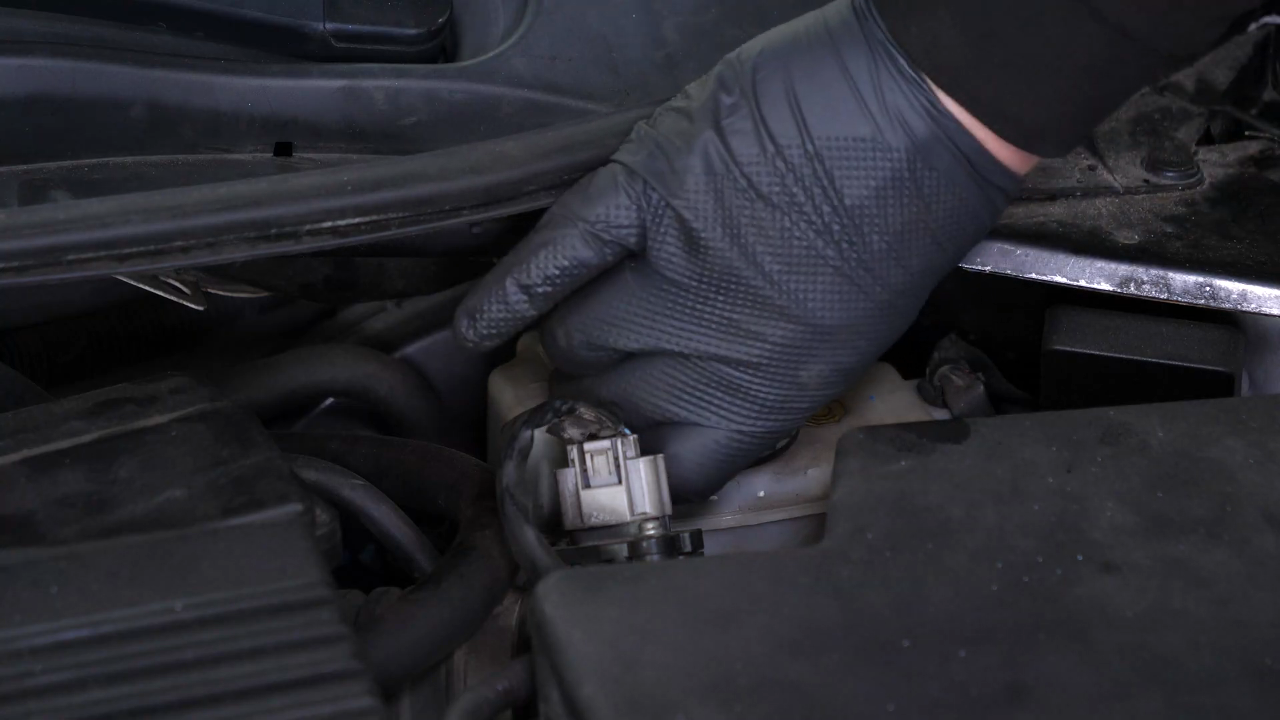 Open the brake fluid reservoir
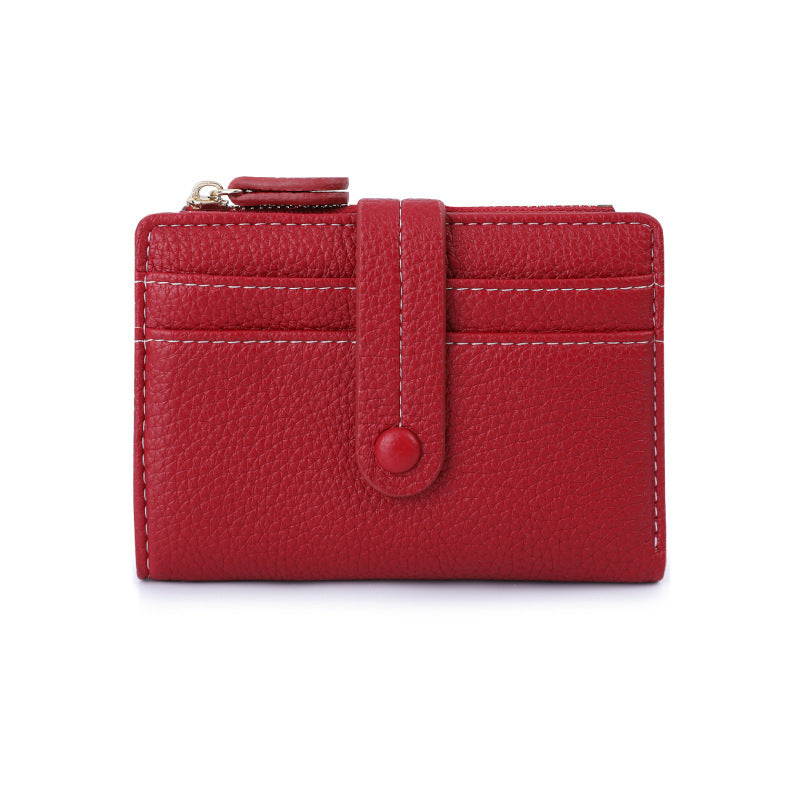 Red short wallet with card slots, snap button tab, and coin zipper pocket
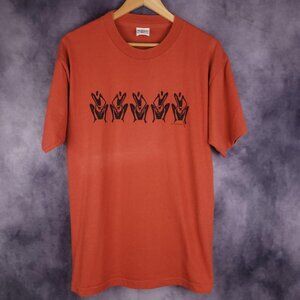 Vintage 90s Polynesian bongo drummers minimal abstract orange tiki shirt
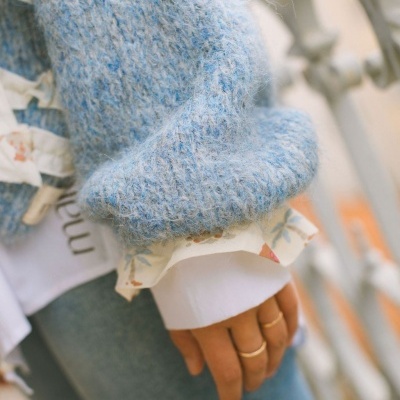 Mão com anéis, camisola azul de malha e camisa branca floral com jeans azul em fundo desfocado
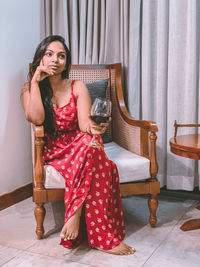 Portrait of young woman sitting on sofa at home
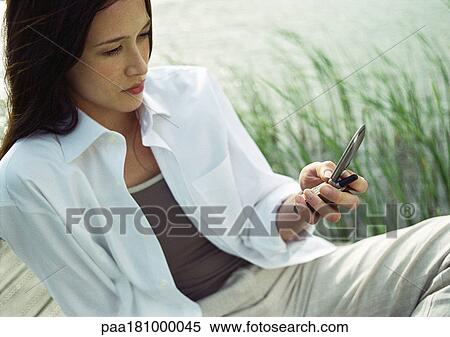 Businesswoman sitting outdoors, using cell phone View Large Photo Image Stock Photography - Businesswoman sitting outdoors, using cell phone. Fotosearch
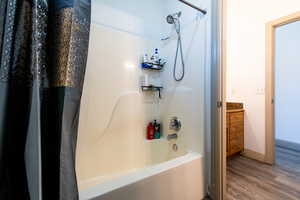 Bathroom with vanity, shower / tub combo, and hardwood / wood-style floors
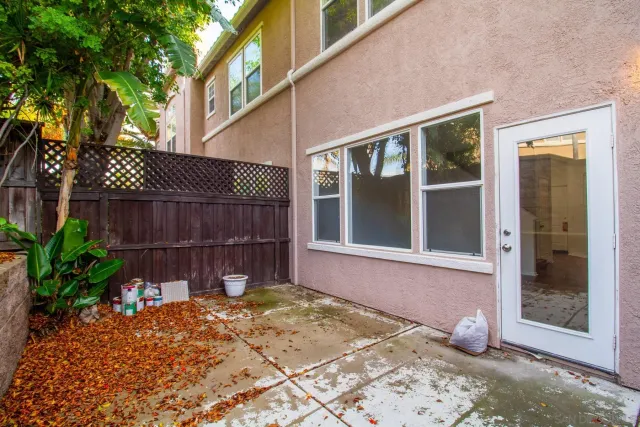 a view of a backyard with a chairs and potted plants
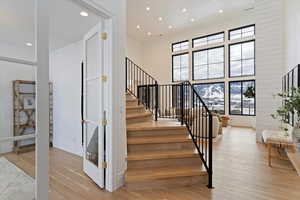 Stairway with vaulted ceilings and french doors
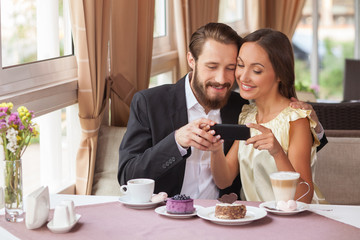 Cute boyfriend and girlfriend are using telephone in cafe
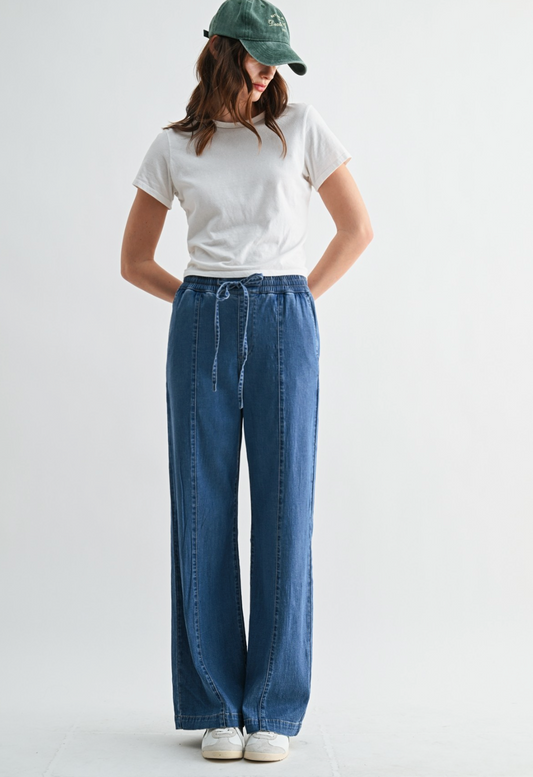 Mica Denim High Rise Wide Joggers in Navy Eyes with wide‑leg silhouette and soft‑stretch fabric.
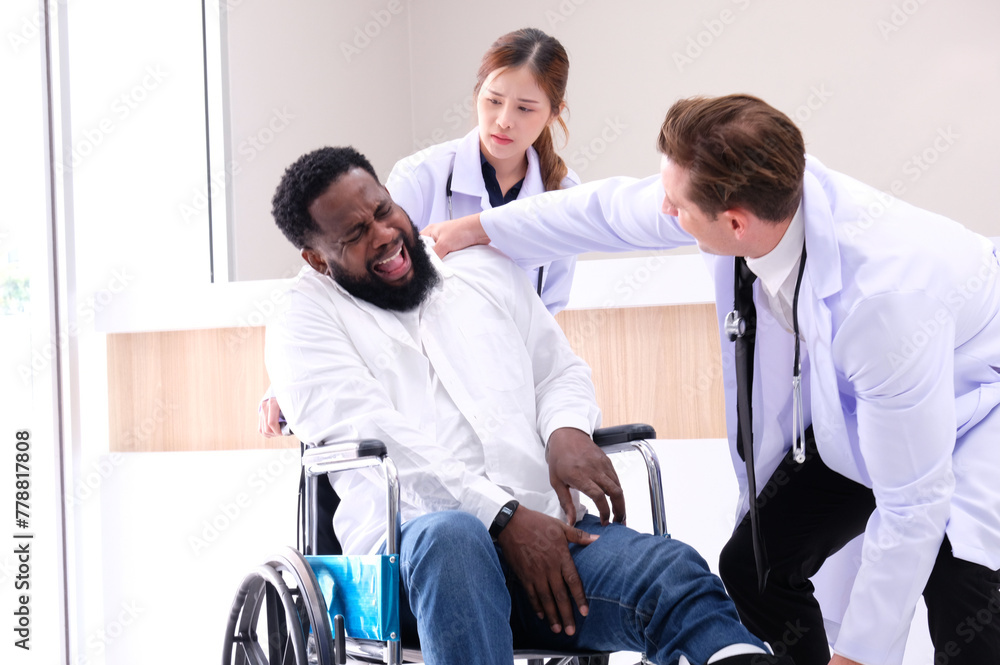 Doctors care for a male patient with a foot injury sitting in a wheelchair in the hospital. Doctors care for a male patient with a foot injury sitting in a wheelchair in the hospital.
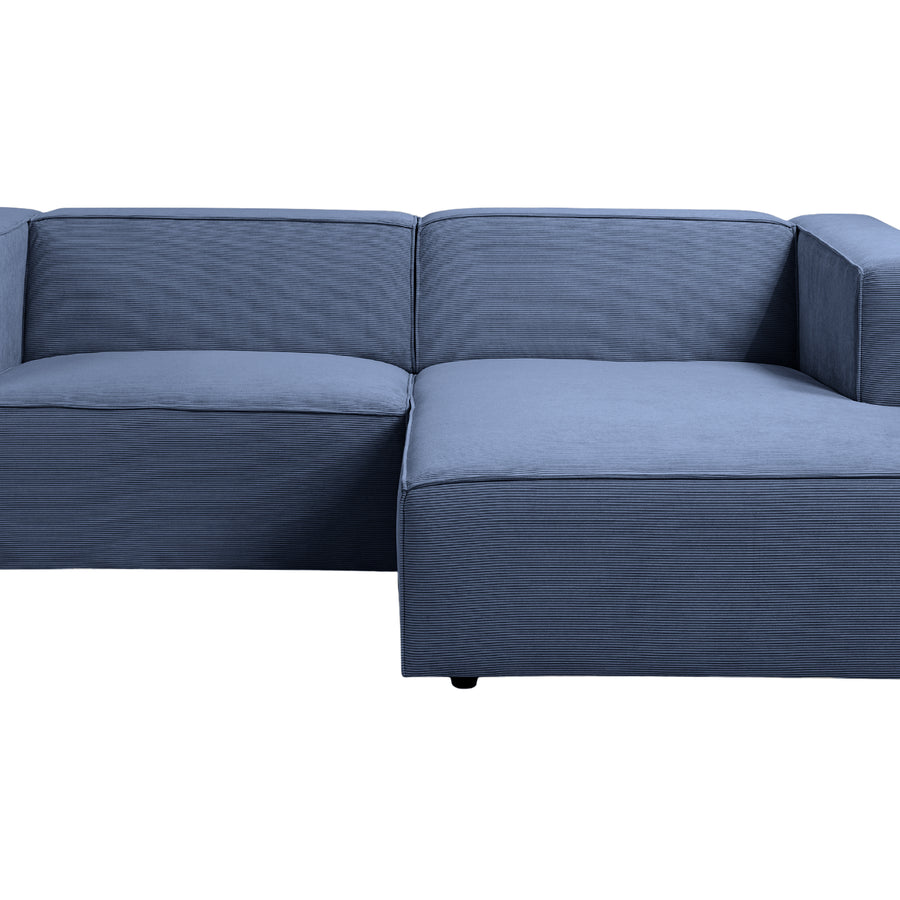 Canapé Basil bleu d'angle vu de profil montrant l'architecture modulaire du canapé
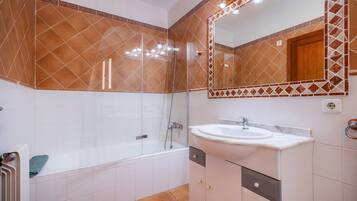 Bathtub, hair dryer, towels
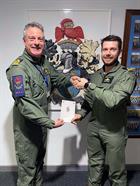 Lt Cook receives his QHI qualification from Lt Cdr Ian Oakes of the Central Flying School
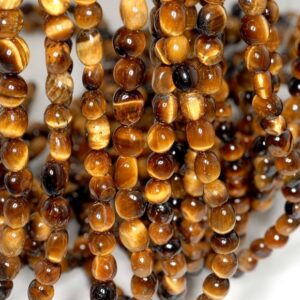 Cognac Tiger Eye Gemstone Yellow 8x6-7x5MM Pebble Nugget Loose Beads 15.5 inch Full Strand (90191777-B66) Cognac Tiger Eye Gemstone Yellow 8x6-7x5MM Pebble Nugget Loose Beads 15.5 inch Full Strand (90191777-B66)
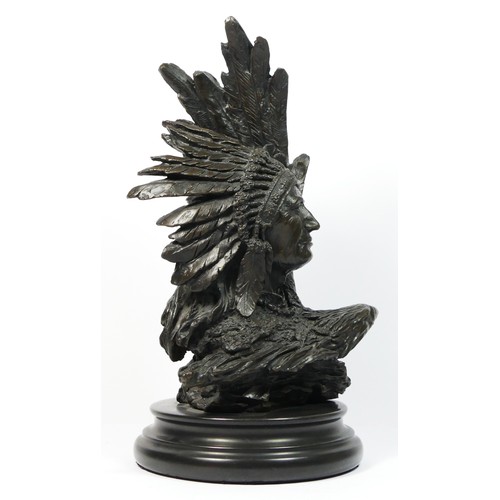 142 - Unsigned, a 20th century cast bronze of a Native American chief with eagle, 33cm.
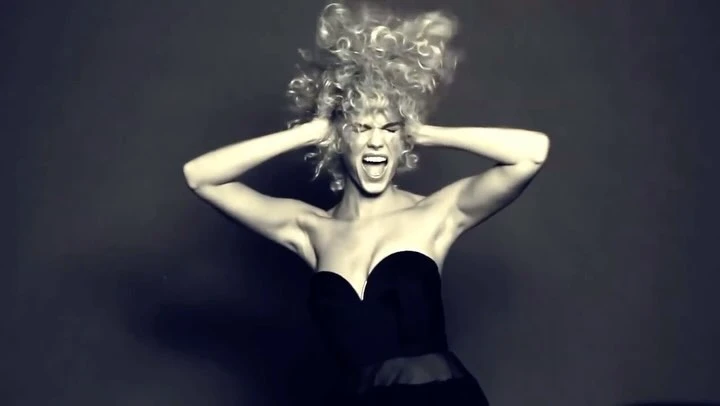 Woman in a strapless black dress with voluminous curly blonde hair holding her head and screaming against a dark background.
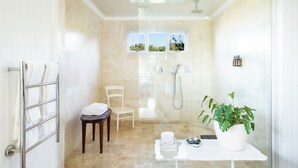 Un baño moderno con cabina de ducha de vidrio, un lavabo blanco y una planta en maceta.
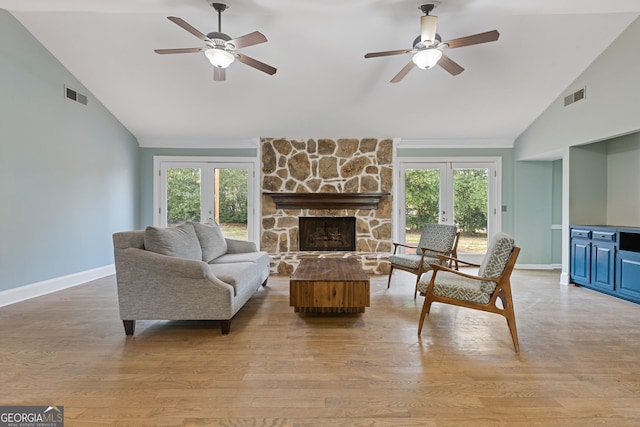 living room featuring french doors, ceiling fan, a stone fireplace, and light hardwood / wood-style floors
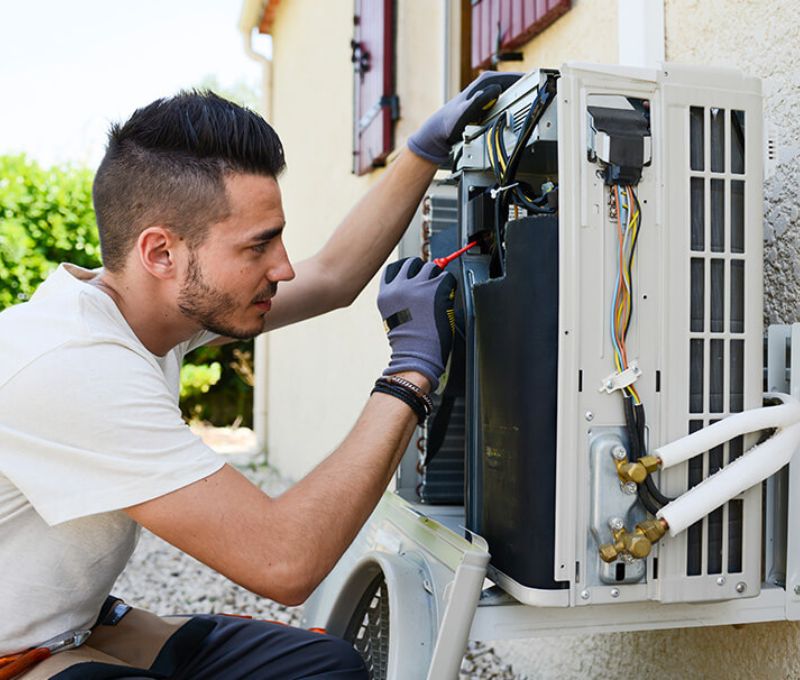 Technician diagnosing a residential air conditioner in Pasco County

===

## What you need to do
Within the data above, repeat exactly the lines from the one bearing "Bathtub, hair dryer, towels" through the one bearing "Lt Cook receives". Include no pictures and nothing else.

## Solution to this task
 Bathtub, hair dryer, towels
 Lt Cook receives his QHI qualification from Lt Cdr Ian Oakes of the Central Flying School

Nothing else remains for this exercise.